- **PROBLEM TO SOLVE**
All of the data that follows should be written out exactly.

==================================================

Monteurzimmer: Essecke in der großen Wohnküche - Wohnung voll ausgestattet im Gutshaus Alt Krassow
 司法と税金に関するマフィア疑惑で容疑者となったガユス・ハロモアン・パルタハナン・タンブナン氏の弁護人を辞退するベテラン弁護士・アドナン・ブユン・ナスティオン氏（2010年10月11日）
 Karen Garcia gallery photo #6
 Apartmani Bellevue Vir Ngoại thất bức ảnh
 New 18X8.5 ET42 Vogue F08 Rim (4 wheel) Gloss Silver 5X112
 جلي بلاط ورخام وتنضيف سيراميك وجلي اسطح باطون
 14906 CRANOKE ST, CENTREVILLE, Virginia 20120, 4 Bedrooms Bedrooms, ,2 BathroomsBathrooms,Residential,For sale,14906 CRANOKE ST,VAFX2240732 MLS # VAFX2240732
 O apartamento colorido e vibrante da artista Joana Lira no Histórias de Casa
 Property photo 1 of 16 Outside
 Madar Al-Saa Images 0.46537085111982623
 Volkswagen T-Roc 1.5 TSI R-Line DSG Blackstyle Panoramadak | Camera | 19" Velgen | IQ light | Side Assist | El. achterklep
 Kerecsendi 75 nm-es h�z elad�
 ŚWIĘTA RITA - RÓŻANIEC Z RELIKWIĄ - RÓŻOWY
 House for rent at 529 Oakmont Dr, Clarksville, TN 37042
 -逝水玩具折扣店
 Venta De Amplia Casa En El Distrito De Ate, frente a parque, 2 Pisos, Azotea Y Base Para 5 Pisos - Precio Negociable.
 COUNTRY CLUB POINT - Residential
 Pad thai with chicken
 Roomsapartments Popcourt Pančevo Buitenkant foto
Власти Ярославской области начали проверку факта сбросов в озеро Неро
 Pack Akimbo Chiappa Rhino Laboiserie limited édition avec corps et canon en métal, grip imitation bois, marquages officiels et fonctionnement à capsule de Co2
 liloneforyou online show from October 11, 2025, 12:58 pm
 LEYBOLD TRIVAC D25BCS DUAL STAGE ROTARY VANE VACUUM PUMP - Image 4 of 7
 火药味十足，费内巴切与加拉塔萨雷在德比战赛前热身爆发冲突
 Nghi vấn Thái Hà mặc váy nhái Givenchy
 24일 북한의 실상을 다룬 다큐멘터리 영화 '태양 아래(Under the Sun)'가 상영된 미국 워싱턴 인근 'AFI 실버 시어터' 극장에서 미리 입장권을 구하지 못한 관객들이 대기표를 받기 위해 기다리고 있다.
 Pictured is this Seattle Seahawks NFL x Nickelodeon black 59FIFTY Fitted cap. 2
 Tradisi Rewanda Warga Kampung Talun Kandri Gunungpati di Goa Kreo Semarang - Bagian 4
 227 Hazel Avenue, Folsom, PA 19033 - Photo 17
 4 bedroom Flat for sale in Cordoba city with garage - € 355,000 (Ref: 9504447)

==================================================

- **TASK RESULT**
Monteurzimmer: Essecke in der großen Wohnküche - Wohnung voll ausgestattet im Gutshaus Alt Krassow
 司法と税金に関するマフィア疑惑で容疑者となったガユス・ハロモアン・パルタハナン・タンブナン氏の弁護人を辞退するベテラン弁護士・アドナン・ブユン・ナスティオン氏（2010年10月11日）
 Karen Garcia gallery photo #6
 Apartmani Bellevue Vir Ngoại thất bức ảnh
 New 18X8.5 ET42 Vogue F08 Rim (4 wheel) Gloss Silver 5X112
 جلي بلاط ورخام وتنضيف سيراميك وجلي اسطح باطون
 14906 CRANOKE ST, CENTREVILLE, Virginia 20120, 4 Bedrooms Bedrooms, ,2 BathroomsBathrooms,Residential,For sale,14906 CRANOKE ST,VAFX2240732 MLS # VAFX2240732
 O apartamento colorido e vibrante da artista Joana Lira no Histórias de Casa
 Property photo 1 of 16 Outside
 Madar Al-Saa Images 0.46537085111982623
 Volkswagen T-Roc 1.5 TSI R-Line DSG Blackstyle Panoramadak | Camera | 19" Velgen | IQ light | Side Assist | El. achterklep
 Kerecsendi 75 nm-es h�z elad�
 ŚWIĘTA RITA - RÓŻANIEC Z RELIKWIĄ - RÓŻOWY
 House for rent at 529 Oakmont Dr, Clarksville, TN 37042
 -逝水玩具折扣店
 Venta De Amplia Casa En El Distrito De Ate, frente a parque, 2 Pisos, Azotea Y Base Para 5 Pisos - Precio Negociable.
 COUNTRY CLUB POINT - Residential
 Pad thai with chicken
 Roomsapartments Popcourt Pančevo Buitenkant foto
Власти Ярославской области начали проверку факта сбросов в озеро Неро
 Pack Akimbo Chiappa Rhino Laboiserie limited édition avec corps et canon en métal, grip imitation bois, marquages officiels et fonctionnement à capsule de Co2
 liloneforyou online show from October 11, 2025, 12:58 pm
 LEYBOLD TRIVAC D25BCS DUAL STAGE ROTARY VANE VACUUM PUMP - Image 4 of 7
 火药味十足，费内巴切与加拉塔萨雷在德比战赛前热身爆发冲突
 Nghi vấn Thái Hà mặc váy nhái Givenchy
 24일 북한의 실상을 다룬 다큐멘터리 영화 '태양 아래(Under the Sun)'가 상영된 미국 워싱턴 인근 'AFI 실버 시어터' 극장에서 미리 입장권을 구하지 못한 관객들이 대기표를 받기 위해 기다리고 있다.
 Pictured is this Seattle Seahawks NFL x Nickelodeon black 59FIFTY Fitted cap. 2
 Tradisi Rewanda Warga Kampung Talun Kandri Gunungpati di Goa Kreo Semarang - Bagian 4
 227 Hazel Avenue, Folsom, PA 19033 - Photo 17
 4 bedroom Flat for sale in Cordoba city with garage - € 355,000 (Ref: 9504447)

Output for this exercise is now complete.